Bayiler kredi kartı ile yaptıkları satışların bedelini ertesi gün
bankadan tahsil etmek istedikleri takdirde bankalar bayilerden POS komisyonu
alıyor. Şu anda yürürlükte olan ve Bankalararası Kart Merkezinin belirlediği
kredi kartı takas komisyonu oranı % 1.79.
Bir başka ifadeyle bayi zaten çok düşük olan kar payının % 1.79’unu
bankalara vermek zorunda kalıyor.
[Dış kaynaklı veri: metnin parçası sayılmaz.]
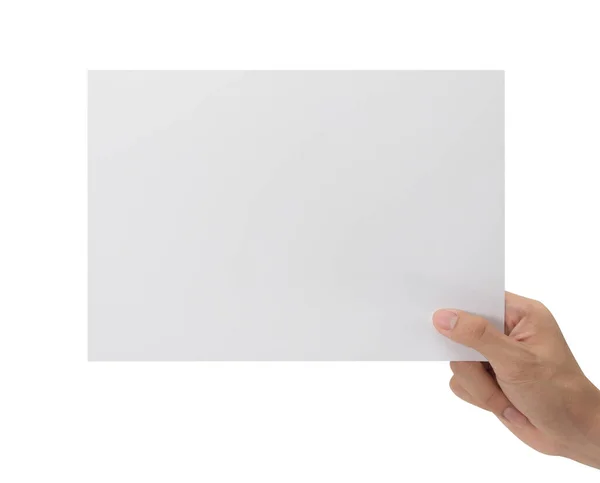 手握空白纸隔离在白色背景与剪切路径 海报模型 — 图库照片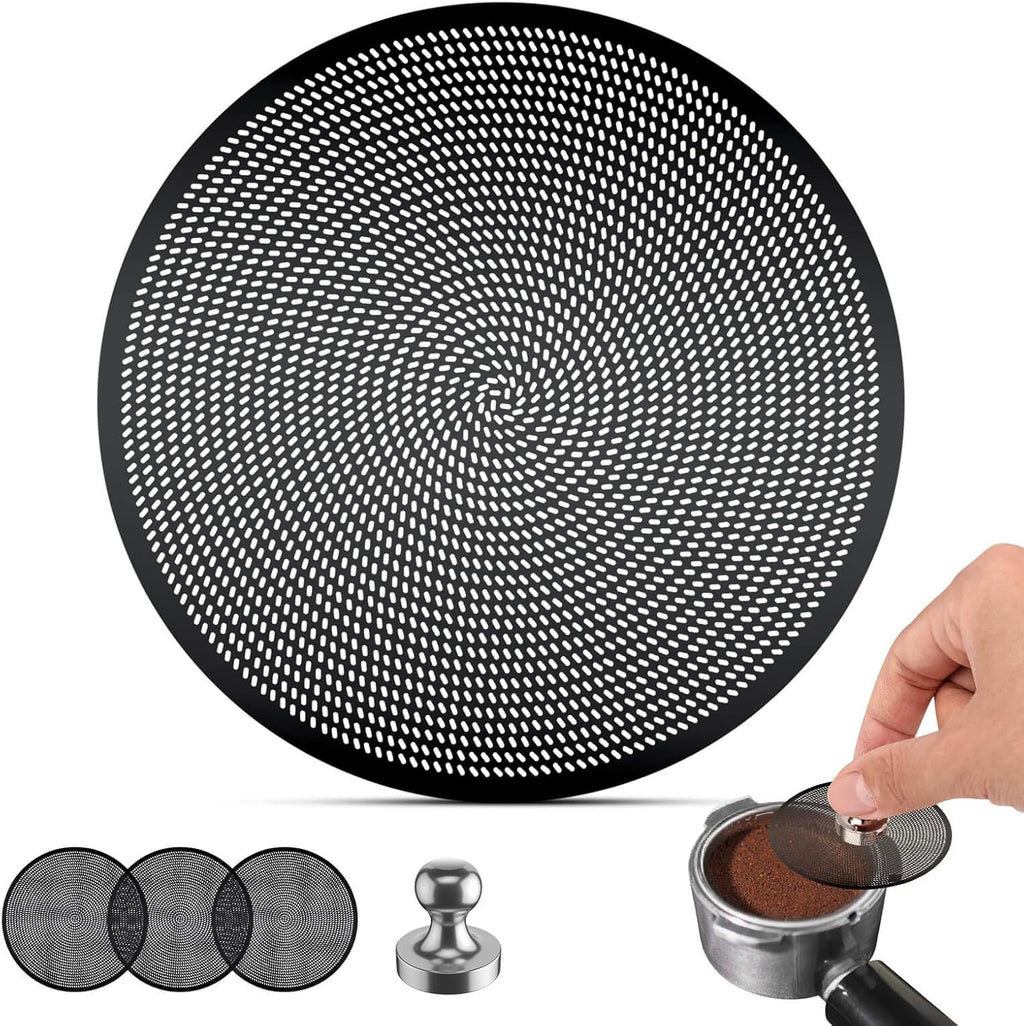 3 Pcs 58mm Espresso Puck Screen - 0.2mm Ultra Thin Espresso Puck, Metal Reusable Coffee Filter, Compatible with Espresso Machine 58mm Portafilter Basket (Black)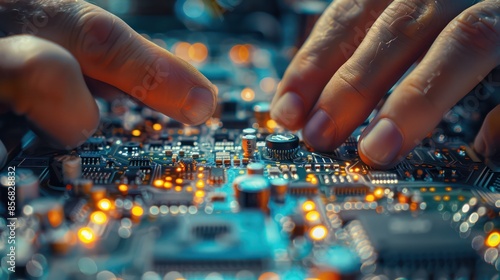 A person is touching a circuit board with their hands
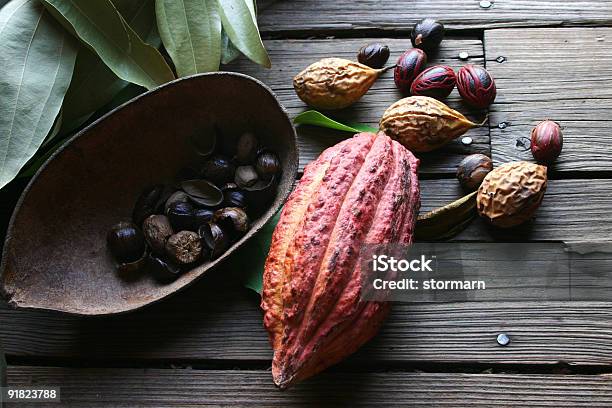 Cocoa Bean And Nutmeg Stock Photo - Download Image Now - Grenada, Caribbean, Spice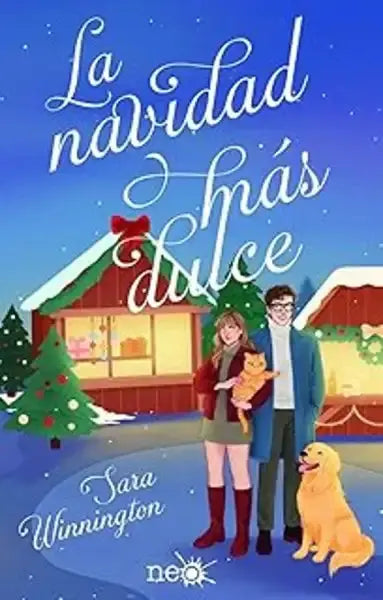 Winter book cover: couple, pets by festive houses in Sara Winnington Navidad Más Dulce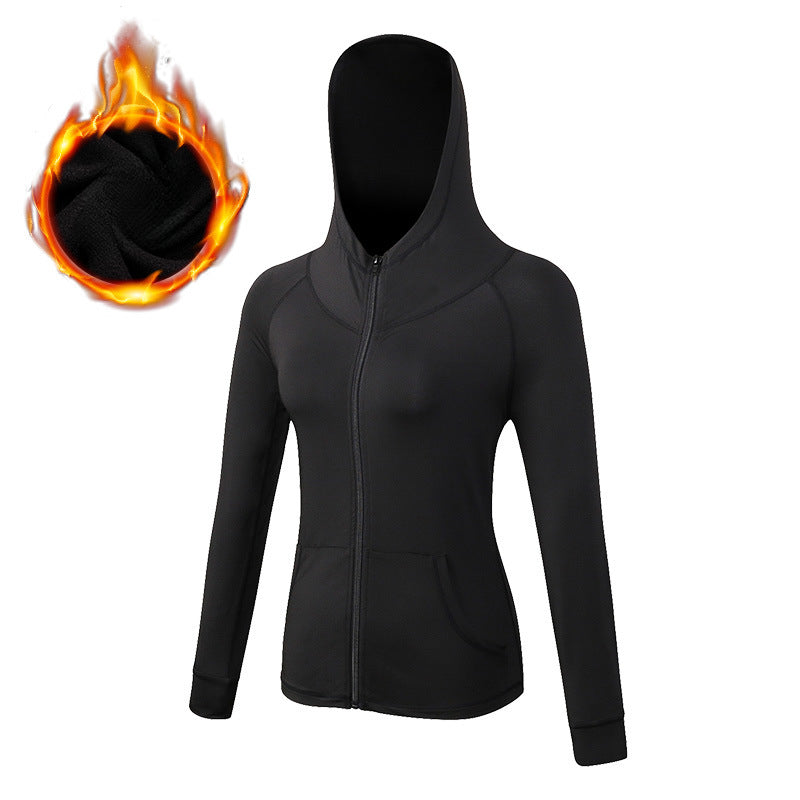 Women's Autumn and Winter Fitness Coat Yoga Training Running Zipper Sports Casual Hoodie Quick-Drying Coat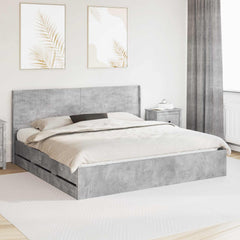 Bed Frame Storage Headboard Length Concrete Grey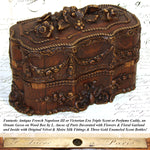 Antique French Victorian Era Triple Scent Caddy, Perfume Box, Gold Enamel Bottles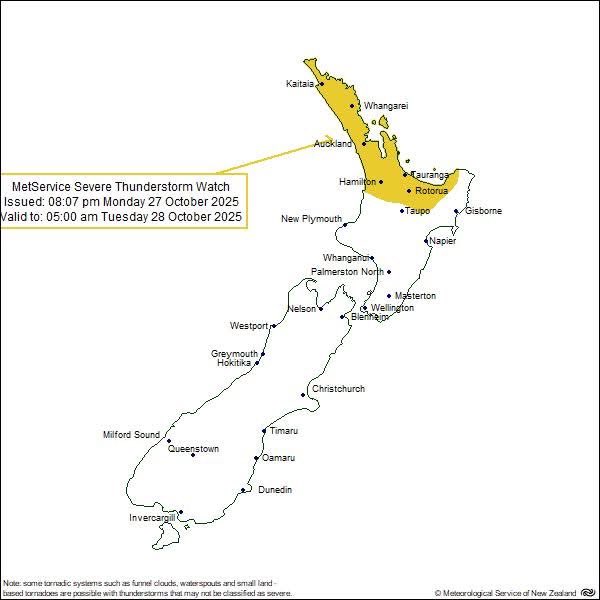 Good evening everyone! <a href="/MetService/">MetService NZ</a> have issued a Severe Thunderstorm Watch for the Bay of Plenty until 5am Tuesday 28 Oct.

Intense rainfall can cause surface and/or flash flooding, especially about low-lying areas such as streams / rivers and may also lead to slips.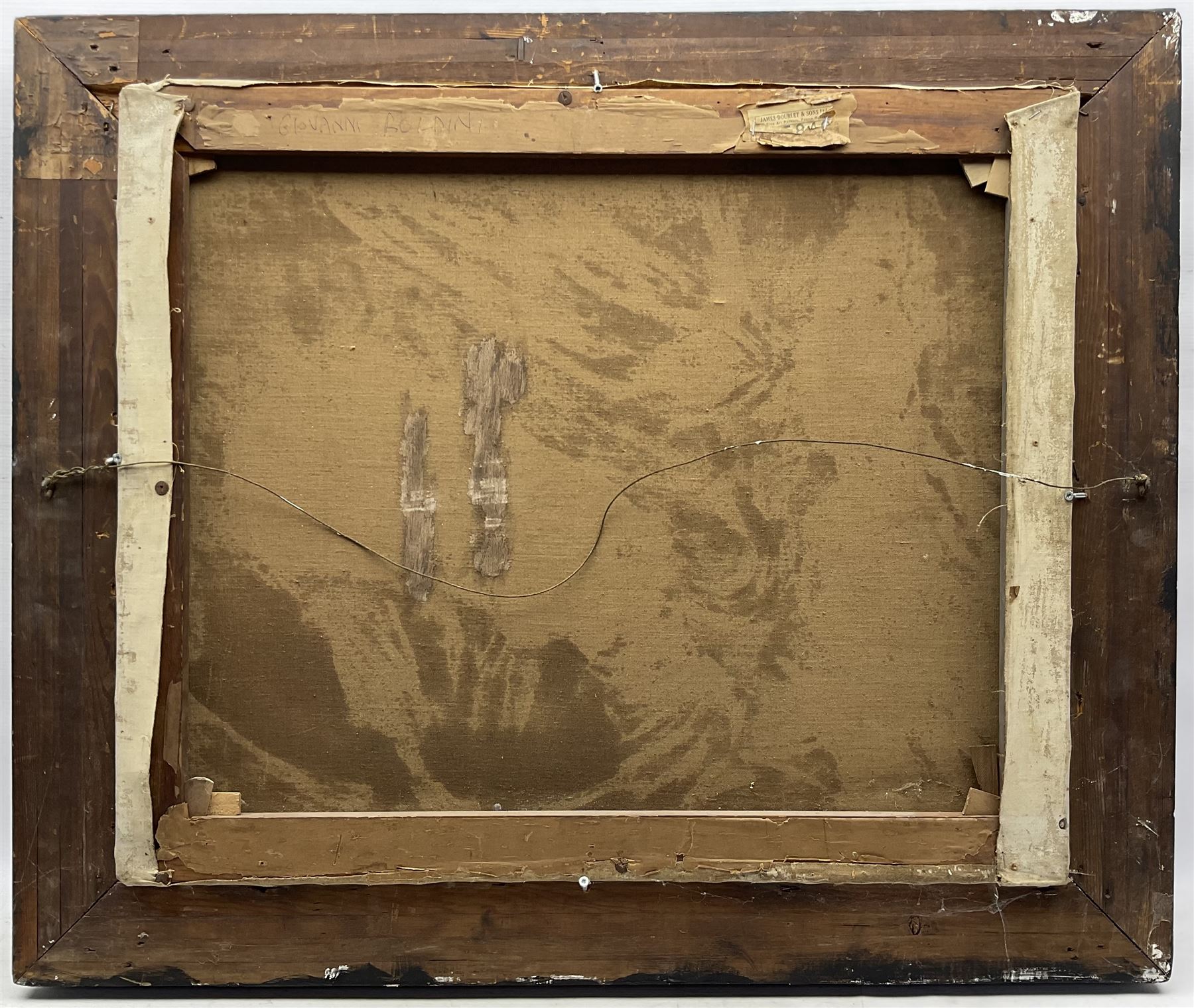 After Giovanni Boldini (Italian 1842-1931): The New Hat - Portrait of Lina Cavalieri, oil on canvas unsigned, James Bourlet & Sons label verso 59cm x 75cm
Ayakta kalmak için çırpınan bayilerden alınan
bu yüksek komisyonların yapılacak bir düzenlemeyle çok cüzi miktarlara
düşürülmesi, bayilere bir nebze de olsa nefes aldıracaktır.
“NAKLİYE ÜCRETLERİ KAR PAYININ DIŞINDA YER ALMALI”
Halihazırda kar payının içinde yer alan nakliye ücretleri, bayilerin
önemli gider kalemlerinden biri. Hele hele akaryakıt fiyatlarının bu kadar
yüksek olduğu bir süreçte nakliye gideri büyük rakamlara tekabül ediyor. Fiyat
oluşumunun bir unsuru olması gereken nakliye ücretinin kar payının içinde yer
alması zaten çok cüzi bir kar payıyla ayakta durmaya çalışan bayilere darbe
vurmaktadır. Vakit kaybedilmeden gerekli düzenleme yapılarak nakliye ücretleri
kilometre bazında güncel rakamlarla belirlenerek kar payının dışında
verilmelidir.
TABGİS Başkanı Murat Bilgin:
‘BU KÂR MARJIYLA DEVAM EDEBİLECEK GÜCÜMÜZ YOK’
Türkiye’nin en büyük vergi dairesiyiz. Bu vergilerin çok büyük bir kısmını
bizler topluyoruz ama öyle bir kâr marjıyla çalışıyoruz ki artık devam
edebilecek gücümüz yok.
Çok basit bir şekilde anlatmak gerekirse 16 Haziran ve 16 Ağustos’u
yani 2 aylık dönemi karşılaştıralım. Daha net söylemek gerekirse ÖTV artışından
önce ve sonrasını karşılaştıralım. İnanılmaz fiyat artışlarımız var.
Haziran itibarıyla fiyat oluşumunun içinde ürün bedeli yüzde 64.5,
EPDK’nın payı çok küçük; binde 8 civarında, dağıtıcı ve bayi toplam marjları
yüzde 10.2 civarında ve vergiler de yüzde 25 civarındaydı.
Ağustos ayına geldiğimizde ise ürün bedeli yüzde 58.5’e, EPDK payı
binde 4’e, dağıtıcıyla bayinin brüt kâr marjı ise 6.4’e düştü. Buna
karşılık vergilerin payı yüzde 25’den yüzde 35.10’a çıktı.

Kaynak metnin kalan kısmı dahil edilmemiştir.